Carbon cycle feedbacks and the initiation of Antarctic glaciation in the earliest Oligocene

摘要

The initiation of Antarctic glaciation in the early Oligocene (～34 Ma) is represented by a distinct positive anomaly in the marine δ~(18)O record designated Oi-1 and accompanied by positive excursions in the mean δ~(13)C of oceanic dissolved inorganic carbon and biogenic sediment accumulation rates. Within 400 ky of the onset of Oi-1, the climate system settled into a more moderate but stable "glacial" state. Here, through modeling, we investigate two of the principal biogeochemical processes involved in this response: silicate weathering and marine organic carbon cycling. We initiate the event with a rapid drawdown in atmospheric CO_2 resulting from increased weatherability of the continents associated with Himalayan orogeny. This perturbation triggers the overshoot and adjustment of the δ~(18)O record because of feedback among ice-sheet coverage, silicate weathering rates, and atmospheric CO_2. The system is a damped oscillator, the strength of which depends on the sensitivity of chemical weathering rates to climate change and climate to changes in atmospheric CO_2. Increased oceanic mixing associated with initial transition into a glacial world accelerates the rates of biological productivity and carbon burial, lowering atmospheric CO_2 and accelerating global cooling and ice-sheet growth, and generating a carbon isotope response that crudely approximates that observed.
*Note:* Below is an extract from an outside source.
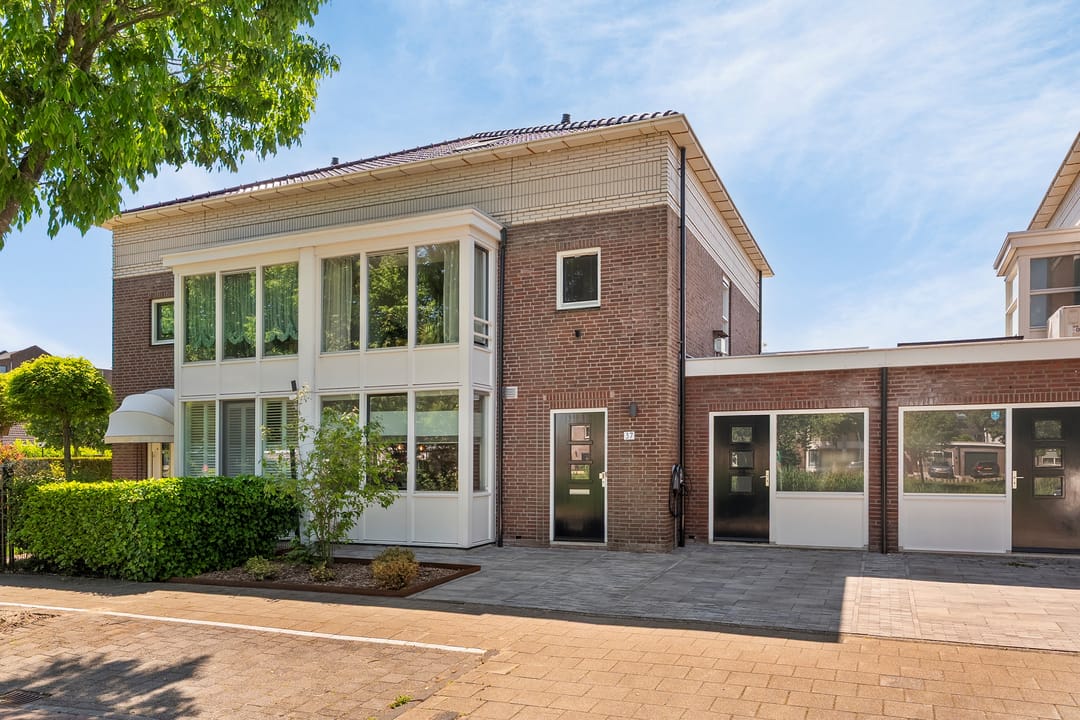 Foto 1 van Meerwedesingel 37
The Oi-1 overshoot appears to require a rapid ( < 1 million year) application of the forcing (e.g., tectonic drawdown of atmospheric CO_2). Although further investigation and more sophisticated models ultimately may show that other triggers and feedbacks prevailed during Oi-1, the modeling presented here demonstrates that simple feedbacks in the climate system can explain the overshoot and adjustment response to early Oligocene climate forcing.